╭─ Data segment

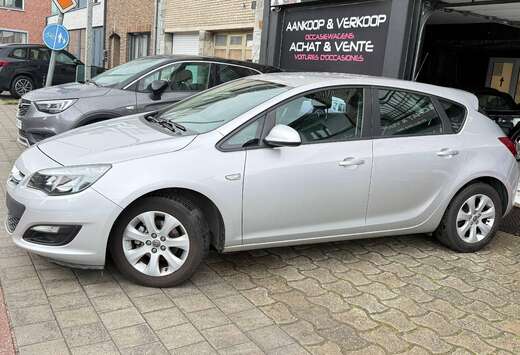 Opel Astra Sports 1.4 Turbo Essence Car Pass Historiq ...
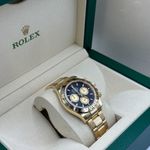 Rolex Daytona 126508 (2024) - Zwart wijzerplaat 40mm Geelgoud (3/8)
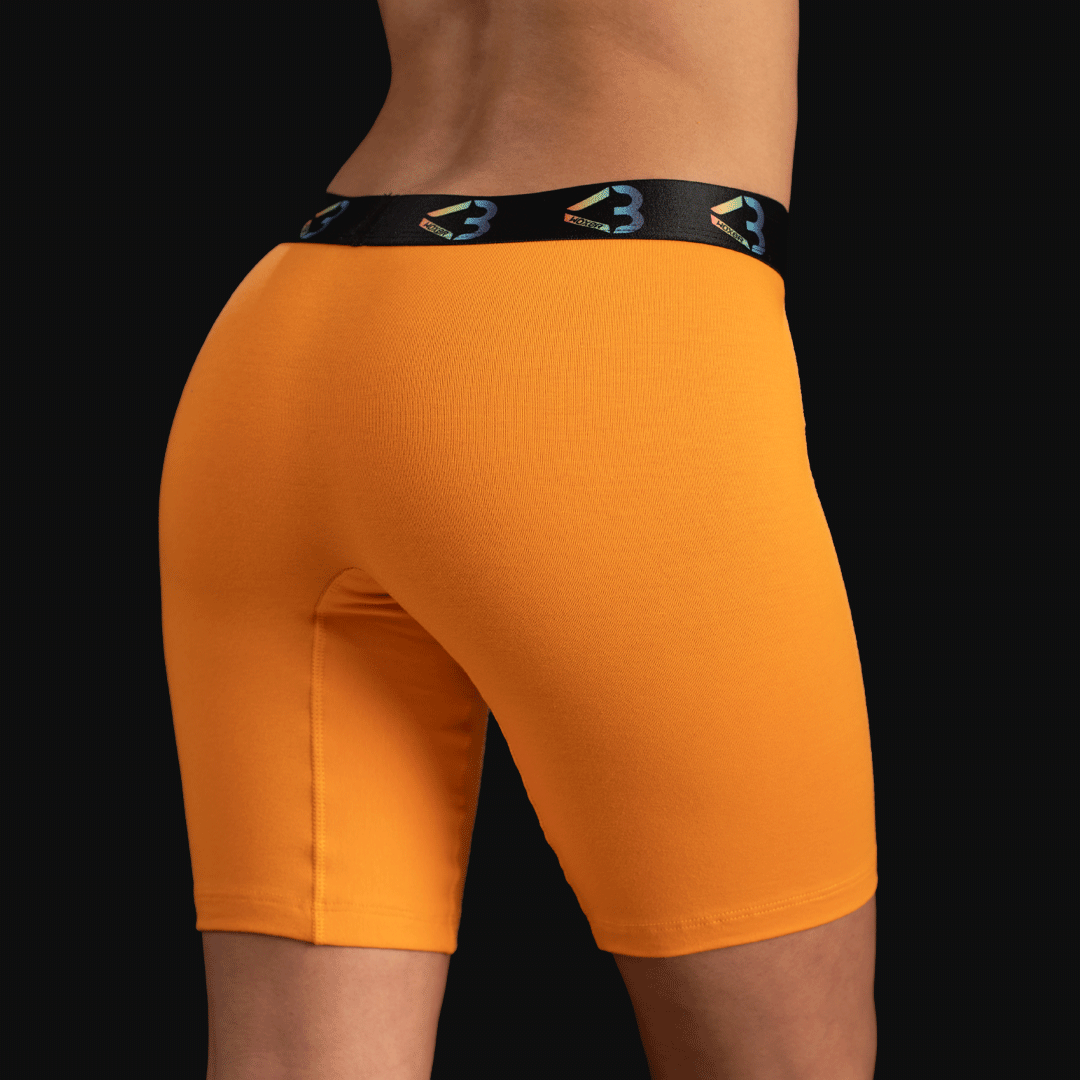 Biker Pride Orange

╰─

Instructions for the task: Without including any picture, reproduce all of the material exactly.

Response for this exercise:
 Opel Astra Sports 1.4 Turbo Essence Car Pass Historiq ...
 Rolex Daytona 126508 (2024) - Zwart wijzerplaat 40mm Geelgoud (3/8)
 Biker Pride Orange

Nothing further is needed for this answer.